Korver made seven consecutive 3-point attempts on his way to a season-high 28 points, leading the Hawks to a 124-107 victory on Wednesday.

"Those are dangerous games," Korver said. "We kind of said when the fourth quarter started that we've got to pick it up right now."

Al Horford added 25 points and 10 rebounds for the Hawks, who have won two straight and five of seven. Jeff Teague finished with 18 points and tied a career high with 15 assists.

DeMarcus Cousins scored 28 points, Rudy Gay had 22 and Isaiah Thomas 20 for the Kings, who allowed a season high in points.
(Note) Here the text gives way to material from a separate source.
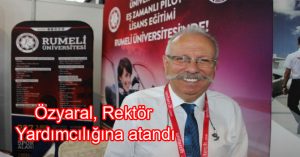 Özyaral, Rektör Yardımcılığına atandı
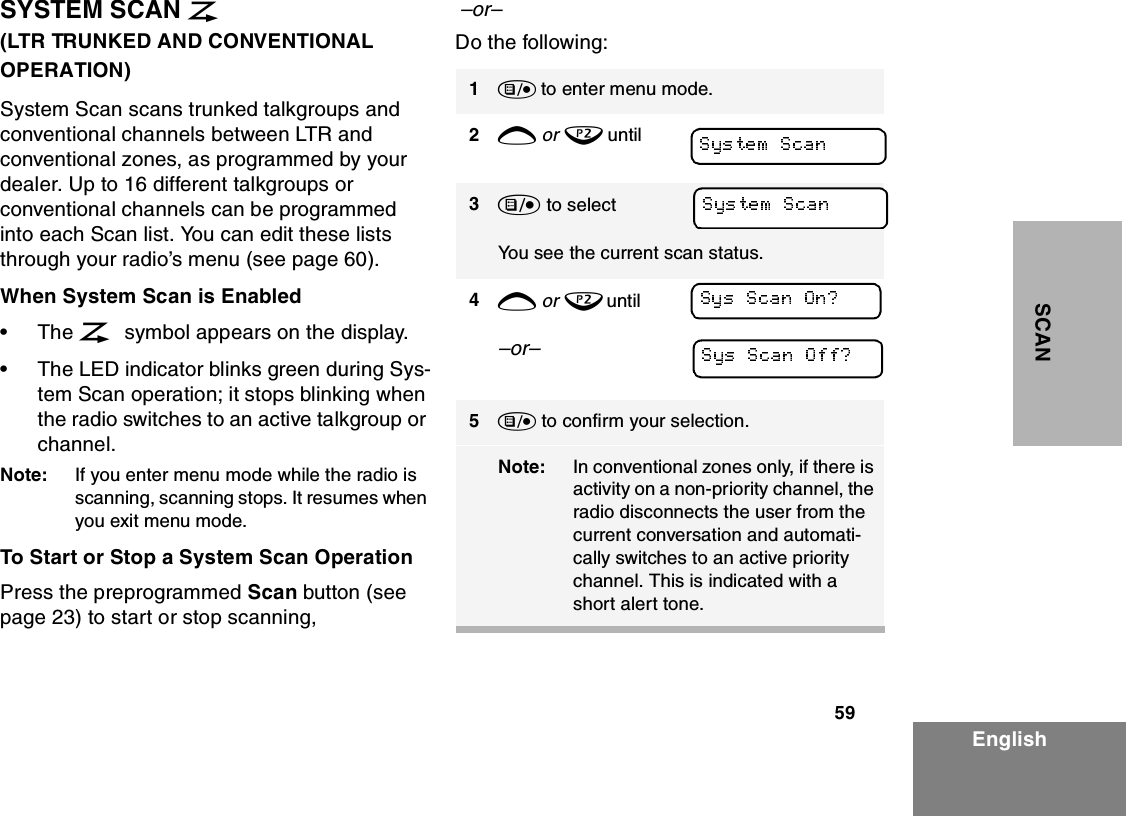 59EnglishSCANSYSTEM SCAN G                          (LTR TRUNKED AND CONVENTIONAL OPERATION)System Scan scans trunked talkgroups and conventional channels between LTR and conventional zones, as programmed by your dealer. Up to 16 different talkgroups or conventional channels can be programmed into each Scan list. You can edit these lists through your radio’s menu (see page 60).When System Scan is Enabled•The G symbol appears on the display.•The LED indicator blinks green during Sys-tem Scan operation; it stops blinking when the radio switches to an active talkgroup or channel.Note: If you enter menu mode while the radio is scanning, scanning stops. It resumes when you exit menu mode.To Start or Stop a System Scan OperationPress the preprogrammed Scan button (see page 23) to start or stop scanning,  –or–Do the following:1) to enter menu mode.2+ or ? until3) to select You see the current scan status.4+ or ? until–or–5) to confirm your selection.Note: In conventional zones only, if there is activity on a non-priority channel, the radio disconnects the user from the current conversation and automati-cally switches to an active priority channel. This is indicated with a short alert tone.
The Hawks outscored the Kings 39-20 in the fourth quarter of their 12th consecutive victory against Sacramento. Horford made consecutive jumpers to help Atlanta open a 117-105 lead with 2:49 left.
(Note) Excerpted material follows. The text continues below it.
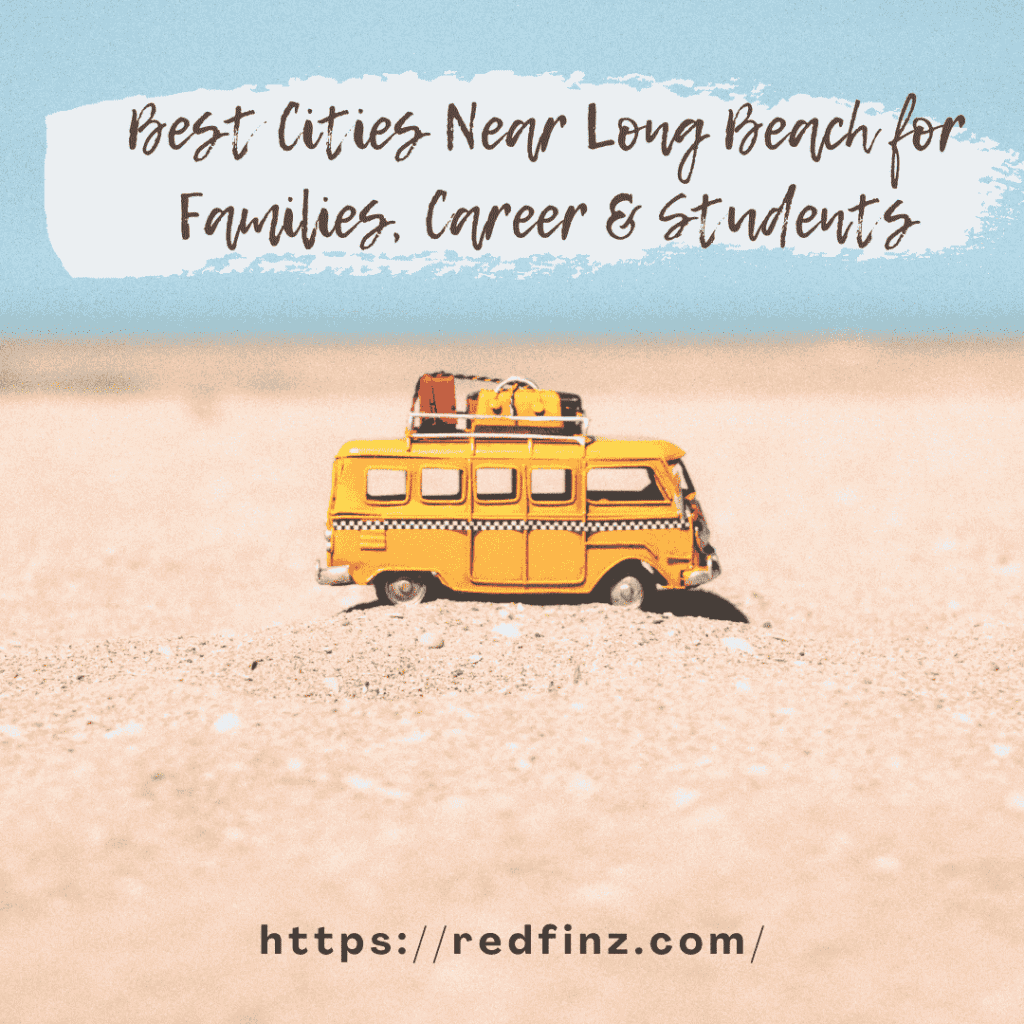 Best Cities Near Long Beach for Families, Career & Students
"I guess I'm not doing a good enough job of giving them a game plan that they can execute," Sacramento coach Michael Malone said, "and I'm not doing a good enough job of explaining who the players are on their team that can make shots."

Korver missed his first 3 attempt early in the first, but then hit seven in a row before missing midway through the fourth. He went 8 for 10 from long range while extending his NBA record to 95 straight games with at least one 3-pointer.

Korver finished with his highest point total since Nov. 21, 2007, when he scored 31 for Philadelphia in a 104-84 home victory over New York.

"I got a lot of really good looks tonight," Korver said. "I usually don't get that many. That was a product of a lot of our spacing and just everyone knocking down shots."

Atlanta finished with 38 assists for its highest total since it had 39 in a 136-104 home victory over Philadelphia on April 19, 1997.

"That's the product of a lot of things," Korver said. "It's unselfishness, it's good spacing, it's a lot of guys in rhythm, it's everyone being dangerous and no one's really sure where the help is going to come from (on defense). When Jeff is attacking like that and really going to the basket, it really creates a lot of openings for us."